**WHAT THE TASK ASKS:** If pictures appear in the lines below, skip them and copy exactly the lines from the one containing "台北市某銀行朱姓行員被詐騙集" through the one containing "Image de ♥ Beach", and nothing else.

**GIVEN INFORMATION:**
*** Begin section ***

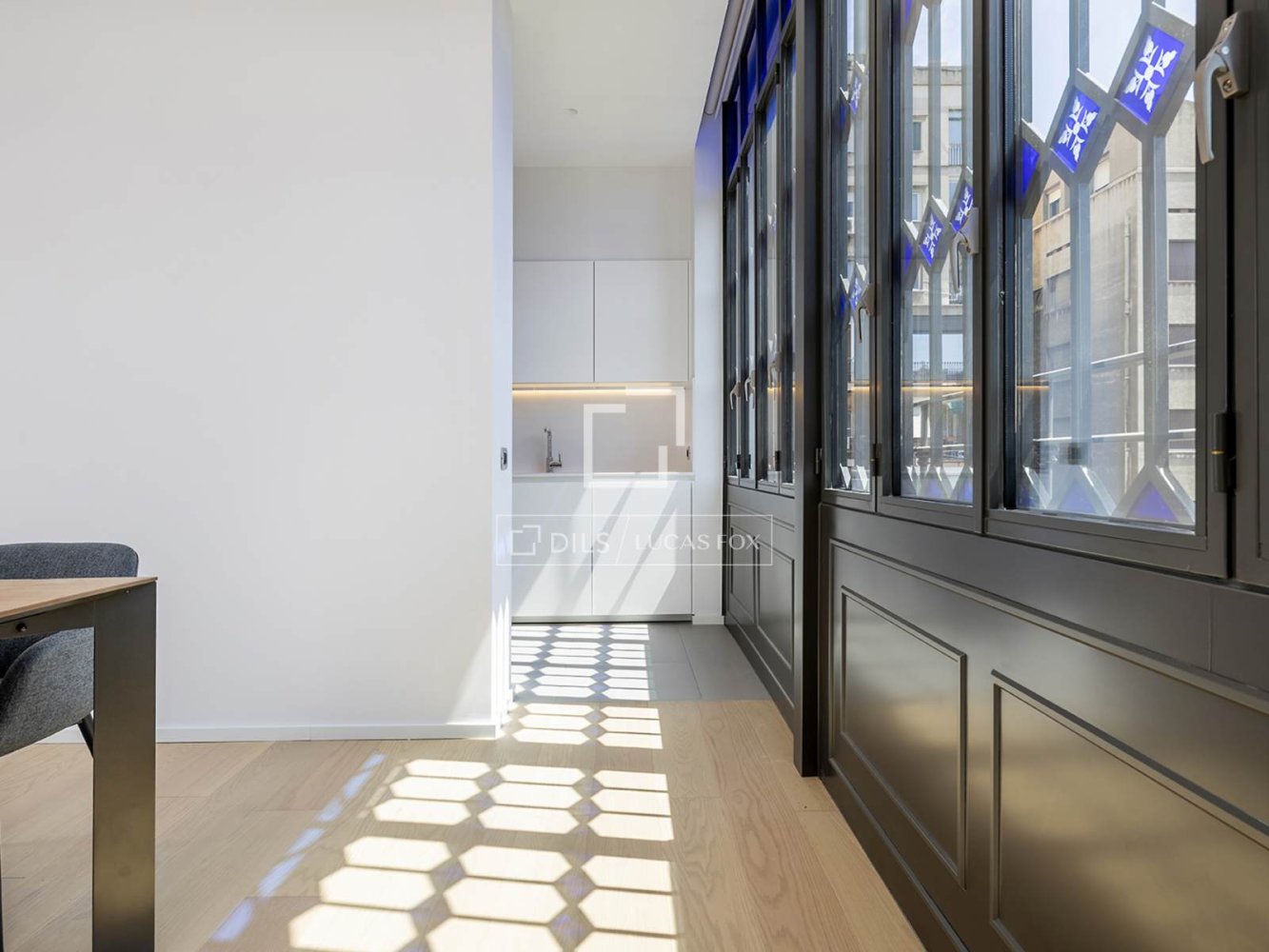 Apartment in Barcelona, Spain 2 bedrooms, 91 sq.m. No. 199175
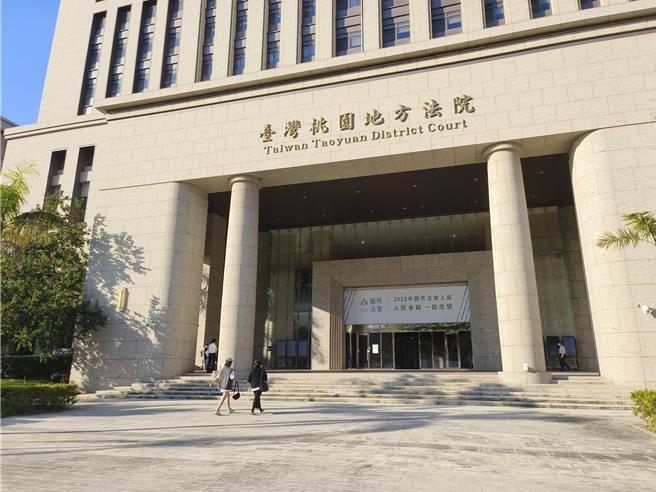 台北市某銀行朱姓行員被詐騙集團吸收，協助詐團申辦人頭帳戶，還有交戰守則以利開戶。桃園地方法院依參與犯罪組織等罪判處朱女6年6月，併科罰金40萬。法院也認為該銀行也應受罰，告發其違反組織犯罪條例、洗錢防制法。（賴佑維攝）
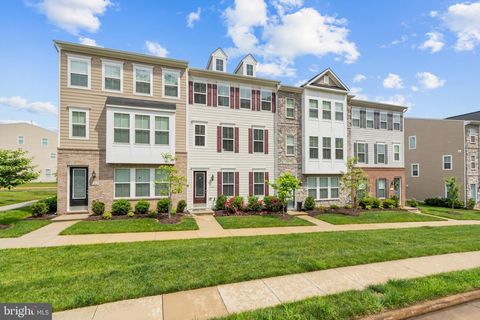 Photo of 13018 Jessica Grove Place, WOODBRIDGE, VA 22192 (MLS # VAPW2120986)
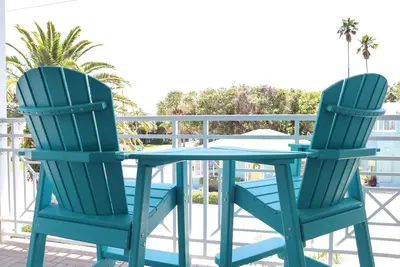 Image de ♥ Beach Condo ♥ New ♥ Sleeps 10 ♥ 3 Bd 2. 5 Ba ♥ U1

*** End section ***
*** Begin section ***

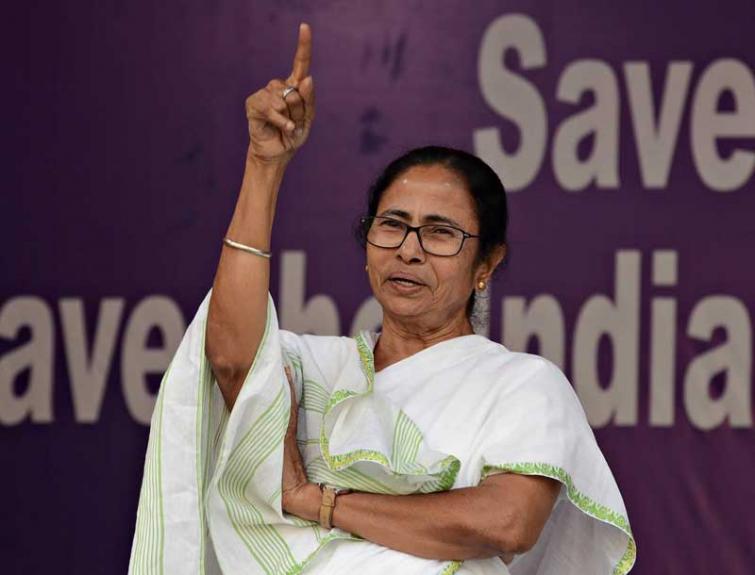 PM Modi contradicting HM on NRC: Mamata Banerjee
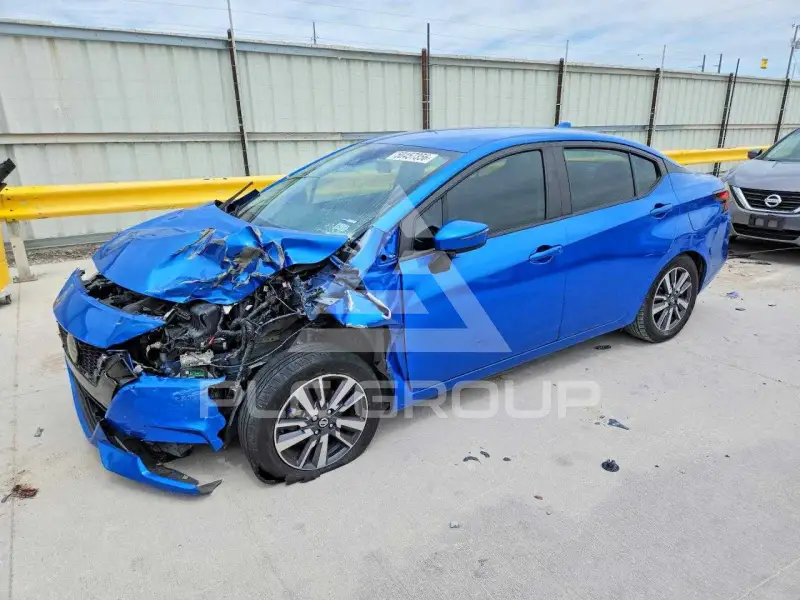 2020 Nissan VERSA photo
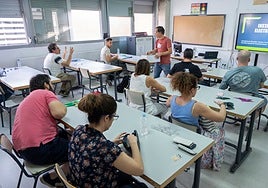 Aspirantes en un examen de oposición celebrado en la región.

*** End section ***

**EXERCISE RESPONSE:**
 台北市某銀行朱姓行員被詐騙集團吸收，協助詐團申辦人頭帳戶，還有交戰守則以利開戶。桃園地方法院依參與犯罪組織等罪判處朱女6年6月，併科罰金40萬。法院也認為該銀行也應受罰，告發其違反組織犯罪條例、洗錢防制法。（賴佑維攝）
 Photo of 13018 Jessica Grove Place, WOODBRIDGE, VA 22192 (MLS # VAPW2120986)
 Image de ♥ Beach Condo ♥ New ♥ Sleeps 10 ♥ 3 Bd 2. 5 Ba ♥ U1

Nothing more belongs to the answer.